Slip op. at 4 (footnotes omitted) (emphasis as in original).  The ARB also noted that the ALJ had not addressed Complainant’s claim against the Secretary-Treasurer who had succeeded Complainant, and directed the ALJ to consider on remand whether the new Secretary-Treasurer was a “person” as defined by the STAA, and to analyze the claim against him.  The ARB further stated that the ALJ erred as a matter of law in holding that Complainant was not an “employee” because he was not employed by a commercial motor carrier.  The ARB stated:

  • The Act’s definition of an “employee” includes “a driver of a commercial motor vehicle.”   However, the ALJ made no factual finding as to whether Complainant drove a commercial motor vehicle. On remand, the ALJ must also determine whether Complainant drove a commercial motor vehicle as defined by 49 U.S.C. § 31101(1), and, if so, to reconsider whether Complainant is an “employee.”
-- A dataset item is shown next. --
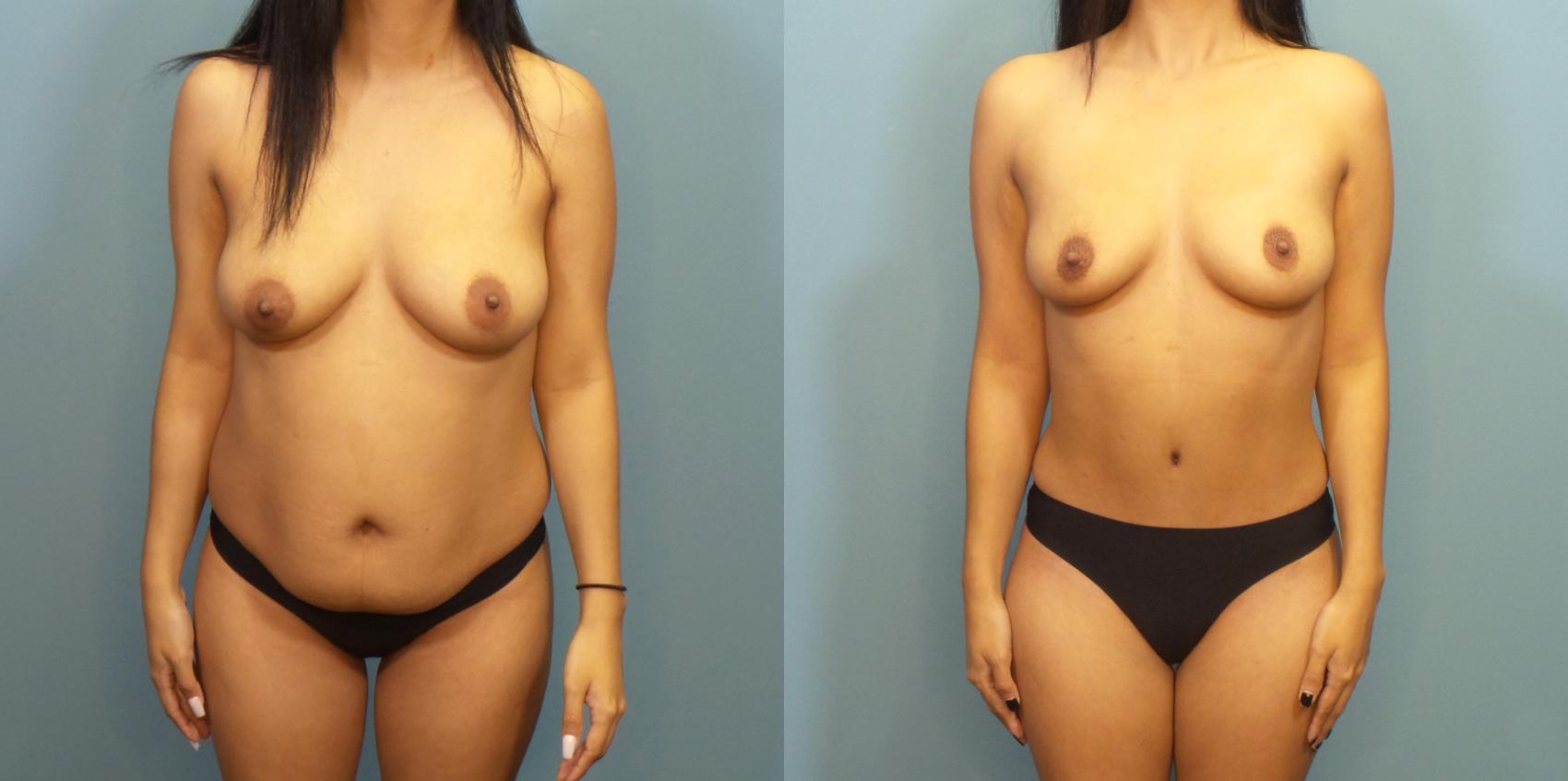 Before & After Tummy Tuck (Abdominoplasty) Case 280 Front View in Portland, OR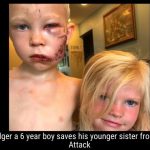 Bridger a 6 year boy saves his younger sister from Dog Attack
Id. at 5 (footnote omitted)


Alliance Exterior Construction, Inc., ARB Case No. 2021-0043, ALJ Case No. 2018-DBA-00005 (ARB Aug. 10, 2021) (Order of Dismissal)

The ARB granted the parties two extensions of time to file a petition for review of the ALJ’s Decision and Order.  The parties subsequently filed a notice that they will not pursue an appeal, and the ARB thus dismissed the case.

[Editor’s note:  The ALJ had found that Respondent owed $132,644.80 in back wages for violations of the Davis-Bacon Act and the Contract Work Hours and Safety Standards Act. See 
Alliance Exterior Construction, Inc.